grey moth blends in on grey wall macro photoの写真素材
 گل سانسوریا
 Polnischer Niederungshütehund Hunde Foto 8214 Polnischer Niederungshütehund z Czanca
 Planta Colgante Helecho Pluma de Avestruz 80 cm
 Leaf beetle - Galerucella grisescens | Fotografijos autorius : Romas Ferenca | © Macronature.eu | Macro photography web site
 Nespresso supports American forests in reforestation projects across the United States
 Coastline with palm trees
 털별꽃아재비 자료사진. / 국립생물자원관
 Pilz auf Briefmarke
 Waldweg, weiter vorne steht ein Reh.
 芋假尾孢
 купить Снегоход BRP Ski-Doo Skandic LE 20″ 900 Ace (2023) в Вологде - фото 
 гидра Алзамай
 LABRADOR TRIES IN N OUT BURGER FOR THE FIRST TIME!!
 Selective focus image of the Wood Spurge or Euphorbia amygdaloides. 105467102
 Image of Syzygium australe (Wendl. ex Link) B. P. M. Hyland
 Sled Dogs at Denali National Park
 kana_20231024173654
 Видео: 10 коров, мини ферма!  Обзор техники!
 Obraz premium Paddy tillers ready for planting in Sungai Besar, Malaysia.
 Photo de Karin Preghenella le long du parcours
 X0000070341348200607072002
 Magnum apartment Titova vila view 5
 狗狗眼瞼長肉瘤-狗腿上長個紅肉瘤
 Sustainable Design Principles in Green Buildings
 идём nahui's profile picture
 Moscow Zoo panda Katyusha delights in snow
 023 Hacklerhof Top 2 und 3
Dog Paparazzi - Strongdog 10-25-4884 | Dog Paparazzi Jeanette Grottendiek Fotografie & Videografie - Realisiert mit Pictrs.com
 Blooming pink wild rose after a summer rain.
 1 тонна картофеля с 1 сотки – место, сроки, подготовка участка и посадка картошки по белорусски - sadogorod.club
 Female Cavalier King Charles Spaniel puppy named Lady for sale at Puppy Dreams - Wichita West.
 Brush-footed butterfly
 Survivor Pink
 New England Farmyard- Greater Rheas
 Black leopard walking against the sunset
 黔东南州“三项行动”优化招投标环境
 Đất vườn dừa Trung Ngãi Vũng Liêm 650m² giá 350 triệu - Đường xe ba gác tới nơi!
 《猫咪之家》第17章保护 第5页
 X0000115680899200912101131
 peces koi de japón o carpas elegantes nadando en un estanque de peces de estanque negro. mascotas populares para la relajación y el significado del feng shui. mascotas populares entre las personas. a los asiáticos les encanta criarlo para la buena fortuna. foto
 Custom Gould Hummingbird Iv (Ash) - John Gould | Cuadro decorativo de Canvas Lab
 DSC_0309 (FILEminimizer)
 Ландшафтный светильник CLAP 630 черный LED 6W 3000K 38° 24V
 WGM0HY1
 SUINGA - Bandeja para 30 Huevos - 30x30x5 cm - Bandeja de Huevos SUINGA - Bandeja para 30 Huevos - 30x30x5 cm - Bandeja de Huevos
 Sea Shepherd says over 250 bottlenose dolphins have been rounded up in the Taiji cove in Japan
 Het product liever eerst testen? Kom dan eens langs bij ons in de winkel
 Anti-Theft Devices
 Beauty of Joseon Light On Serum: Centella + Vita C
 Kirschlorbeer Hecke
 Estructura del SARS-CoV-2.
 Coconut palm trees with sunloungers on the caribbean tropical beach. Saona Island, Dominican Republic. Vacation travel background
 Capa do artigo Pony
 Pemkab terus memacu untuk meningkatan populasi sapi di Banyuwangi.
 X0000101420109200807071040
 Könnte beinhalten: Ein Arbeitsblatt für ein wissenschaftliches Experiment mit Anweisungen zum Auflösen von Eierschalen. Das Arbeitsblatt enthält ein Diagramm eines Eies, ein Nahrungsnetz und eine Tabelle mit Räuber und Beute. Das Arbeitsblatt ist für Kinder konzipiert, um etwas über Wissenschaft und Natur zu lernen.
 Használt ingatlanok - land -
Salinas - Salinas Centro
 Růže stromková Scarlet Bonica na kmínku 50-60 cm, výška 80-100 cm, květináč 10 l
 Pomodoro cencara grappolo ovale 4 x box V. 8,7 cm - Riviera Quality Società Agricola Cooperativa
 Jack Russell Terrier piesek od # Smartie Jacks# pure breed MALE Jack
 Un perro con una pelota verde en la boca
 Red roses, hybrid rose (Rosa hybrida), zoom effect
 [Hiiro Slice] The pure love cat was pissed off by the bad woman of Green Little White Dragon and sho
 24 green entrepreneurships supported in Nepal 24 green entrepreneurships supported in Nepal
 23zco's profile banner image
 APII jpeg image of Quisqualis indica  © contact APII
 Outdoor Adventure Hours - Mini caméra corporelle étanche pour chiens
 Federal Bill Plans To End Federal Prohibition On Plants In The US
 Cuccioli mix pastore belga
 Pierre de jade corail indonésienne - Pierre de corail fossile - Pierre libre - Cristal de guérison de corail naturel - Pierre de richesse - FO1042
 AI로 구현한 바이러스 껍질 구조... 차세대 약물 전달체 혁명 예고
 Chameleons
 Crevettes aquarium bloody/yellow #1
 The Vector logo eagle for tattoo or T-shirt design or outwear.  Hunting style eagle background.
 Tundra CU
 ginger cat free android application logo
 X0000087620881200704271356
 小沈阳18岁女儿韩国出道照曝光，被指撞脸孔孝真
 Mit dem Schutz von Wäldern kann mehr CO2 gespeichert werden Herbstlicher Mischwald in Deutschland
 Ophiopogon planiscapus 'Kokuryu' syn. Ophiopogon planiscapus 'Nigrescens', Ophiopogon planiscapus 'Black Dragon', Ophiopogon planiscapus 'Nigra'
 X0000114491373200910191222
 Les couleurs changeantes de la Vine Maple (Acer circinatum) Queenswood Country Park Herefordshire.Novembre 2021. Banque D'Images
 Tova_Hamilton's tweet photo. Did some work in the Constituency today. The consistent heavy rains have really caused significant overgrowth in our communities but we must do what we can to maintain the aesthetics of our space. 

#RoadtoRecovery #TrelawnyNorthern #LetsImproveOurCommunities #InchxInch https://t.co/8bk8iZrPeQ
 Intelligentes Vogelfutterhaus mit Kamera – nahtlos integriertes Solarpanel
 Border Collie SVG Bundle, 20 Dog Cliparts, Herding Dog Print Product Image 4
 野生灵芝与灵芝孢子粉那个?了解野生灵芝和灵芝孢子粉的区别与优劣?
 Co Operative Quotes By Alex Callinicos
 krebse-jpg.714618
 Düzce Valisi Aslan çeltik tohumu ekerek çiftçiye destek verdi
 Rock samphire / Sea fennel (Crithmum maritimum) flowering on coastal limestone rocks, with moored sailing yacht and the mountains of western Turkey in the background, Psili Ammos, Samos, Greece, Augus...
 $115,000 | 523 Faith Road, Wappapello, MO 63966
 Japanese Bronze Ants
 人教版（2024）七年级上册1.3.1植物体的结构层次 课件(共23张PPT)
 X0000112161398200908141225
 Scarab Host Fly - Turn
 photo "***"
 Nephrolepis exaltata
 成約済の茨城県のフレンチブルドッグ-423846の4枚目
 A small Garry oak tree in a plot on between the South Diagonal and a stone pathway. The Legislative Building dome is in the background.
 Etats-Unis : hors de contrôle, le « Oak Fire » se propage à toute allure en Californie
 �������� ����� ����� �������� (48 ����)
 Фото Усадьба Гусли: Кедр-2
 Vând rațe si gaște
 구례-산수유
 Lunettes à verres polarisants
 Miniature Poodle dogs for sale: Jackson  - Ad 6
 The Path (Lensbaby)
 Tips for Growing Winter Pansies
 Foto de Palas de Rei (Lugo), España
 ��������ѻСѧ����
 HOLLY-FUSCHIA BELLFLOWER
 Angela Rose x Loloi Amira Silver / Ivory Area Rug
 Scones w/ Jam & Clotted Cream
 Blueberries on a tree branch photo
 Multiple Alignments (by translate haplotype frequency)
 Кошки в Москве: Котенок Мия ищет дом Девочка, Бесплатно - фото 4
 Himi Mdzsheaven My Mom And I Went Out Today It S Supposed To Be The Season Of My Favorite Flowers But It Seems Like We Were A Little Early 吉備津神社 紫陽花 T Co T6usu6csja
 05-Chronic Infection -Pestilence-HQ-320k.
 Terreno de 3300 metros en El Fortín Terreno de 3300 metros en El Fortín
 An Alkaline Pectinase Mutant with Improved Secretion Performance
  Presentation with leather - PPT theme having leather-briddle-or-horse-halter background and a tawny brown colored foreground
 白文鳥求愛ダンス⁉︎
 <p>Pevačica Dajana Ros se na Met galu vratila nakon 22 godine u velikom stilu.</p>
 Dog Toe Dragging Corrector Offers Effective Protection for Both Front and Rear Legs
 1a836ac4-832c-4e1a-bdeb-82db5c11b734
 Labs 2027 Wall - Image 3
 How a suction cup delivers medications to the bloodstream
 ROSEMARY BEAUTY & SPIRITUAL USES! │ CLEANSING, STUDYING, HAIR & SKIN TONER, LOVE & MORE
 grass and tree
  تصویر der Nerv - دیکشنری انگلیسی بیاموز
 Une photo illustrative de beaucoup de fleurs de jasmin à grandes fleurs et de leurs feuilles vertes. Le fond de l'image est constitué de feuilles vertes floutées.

▶ _EXERCISE REQUIREMENTS_: Retype the listing from its first line onward, stopping after the line that contains "Leaf beetle - Galerucella" has been retyped in full.

▶ _EXERCISE RESPONSE_:
grey moth blends in on grey wall macro photoの写真素材
 گل سانسوریا
 Polnischer Niederungshütehund Hunde Foto 8214 Polnischer Niederungshütehund z Czanca
 Planta Colgante Helecho Pluma de Avestruz 80 cm
 Leaf beetle - Galerucella grisescens | Fotografijos autorius : Romas Ferenca | © Macronature.eu | Macro photography web site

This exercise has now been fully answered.